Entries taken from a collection

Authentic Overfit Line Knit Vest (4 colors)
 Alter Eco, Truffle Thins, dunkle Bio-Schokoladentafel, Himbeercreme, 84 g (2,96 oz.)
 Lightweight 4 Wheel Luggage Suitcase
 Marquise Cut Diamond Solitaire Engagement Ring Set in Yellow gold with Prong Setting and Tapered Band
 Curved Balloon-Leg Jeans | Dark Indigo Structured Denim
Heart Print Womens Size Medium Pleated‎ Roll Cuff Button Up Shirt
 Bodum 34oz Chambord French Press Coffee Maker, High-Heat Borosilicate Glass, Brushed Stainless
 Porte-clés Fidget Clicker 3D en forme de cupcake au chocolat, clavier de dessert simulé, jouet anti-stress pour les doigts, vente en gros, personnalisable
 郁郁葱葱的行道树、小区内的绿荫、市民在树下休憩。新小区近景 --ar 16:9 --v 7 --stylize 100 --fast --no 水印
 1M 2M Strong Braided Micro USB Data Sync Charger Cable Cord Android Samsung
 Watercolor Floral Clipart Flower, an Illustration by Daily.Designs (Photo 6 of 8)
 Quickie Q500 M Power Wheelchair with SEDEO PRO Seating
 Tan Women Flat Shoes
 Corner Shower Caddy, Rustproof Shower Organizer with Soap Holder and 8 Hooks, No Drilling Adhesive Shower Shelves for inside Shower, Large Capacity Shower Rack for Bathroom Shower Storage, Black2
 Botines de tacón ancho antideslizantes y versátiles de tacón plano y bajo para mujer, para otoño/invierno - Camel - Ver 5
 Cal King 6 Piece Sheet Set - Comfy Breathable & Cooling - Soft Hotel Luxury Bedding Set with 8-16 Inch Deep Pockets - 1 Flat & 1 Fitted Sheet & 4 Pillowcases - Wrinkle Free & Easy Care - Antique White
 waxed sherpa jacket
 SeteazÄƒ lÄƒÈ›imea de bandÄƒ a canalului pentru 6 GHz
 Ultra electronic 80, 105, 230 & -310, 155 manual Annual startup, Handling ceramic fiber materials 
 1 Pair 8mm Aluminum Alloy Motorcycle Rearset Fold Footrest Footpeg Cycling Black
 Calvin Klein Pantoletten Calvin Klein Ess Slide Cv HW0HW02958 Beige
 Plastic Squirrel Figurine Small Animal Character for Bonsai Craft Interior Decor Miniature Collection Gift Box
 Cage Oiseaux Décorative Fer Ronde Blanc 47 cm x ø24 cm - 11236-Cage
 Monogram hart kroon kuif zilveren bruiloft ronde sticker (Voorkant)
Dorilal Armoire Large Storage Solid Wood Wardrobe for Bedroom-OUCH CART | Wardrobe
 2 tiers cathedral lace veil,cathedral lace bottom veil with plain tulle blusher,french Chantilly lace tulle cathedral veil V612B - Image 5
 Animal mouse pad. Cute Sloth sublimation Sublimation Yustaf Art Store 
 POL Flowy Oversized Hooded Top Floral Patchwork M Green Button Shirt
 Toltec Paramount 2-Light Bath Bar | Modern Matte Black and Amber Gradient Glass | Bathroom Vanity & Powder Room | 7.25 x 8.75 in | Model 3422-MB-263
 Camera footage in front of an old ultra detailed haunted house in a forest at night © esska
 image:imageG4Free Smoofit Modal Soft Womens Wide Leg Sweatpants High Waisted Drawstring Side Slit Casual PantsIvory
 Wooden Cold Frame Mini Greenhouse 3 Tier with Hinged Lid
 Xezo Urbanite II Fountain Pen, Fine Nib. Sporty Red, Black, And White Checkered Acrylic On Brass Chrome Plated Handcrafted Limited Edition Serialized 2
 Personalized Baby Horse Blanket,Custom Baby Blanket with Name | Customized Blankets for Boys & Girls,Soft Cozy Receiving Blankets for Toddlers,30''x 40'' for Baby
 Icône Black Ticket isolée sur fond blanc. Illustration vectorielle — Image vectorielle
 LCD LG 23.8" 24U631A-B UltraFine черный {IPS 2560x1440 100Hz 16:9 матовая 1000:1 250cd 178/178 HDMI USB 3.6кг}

#### Task to carry out:
Write down again the exact lines running from the beginning of the data to the line containing "Bodum 34oz Chambord", with both ends included.

#### Answer below:
Authentic Overfit Line Knit Vest (4 colors)
 Alter Eco, Truffle Thins, dunkle Bio-Schokoladentafel, Himbeercreme, 84 g (2,96 oz.)
 Lightweight 4 Wheel Luggage Suitcase
 Marquise Cut Diamond Solitaire Engagement Ring Set in Yellow gold with Prong Setting and Tapered Band
 Curved Balloon-Leg Jeans | Dark Indigo Structured Denim
Heart Print Womens Size Medium Pleated‎ Roll Cuff Button Up Shirt
 Bodum 34oz Chambord French Press Coffee Maker, High-Heat Borosilicate Glass, Brushed Stainless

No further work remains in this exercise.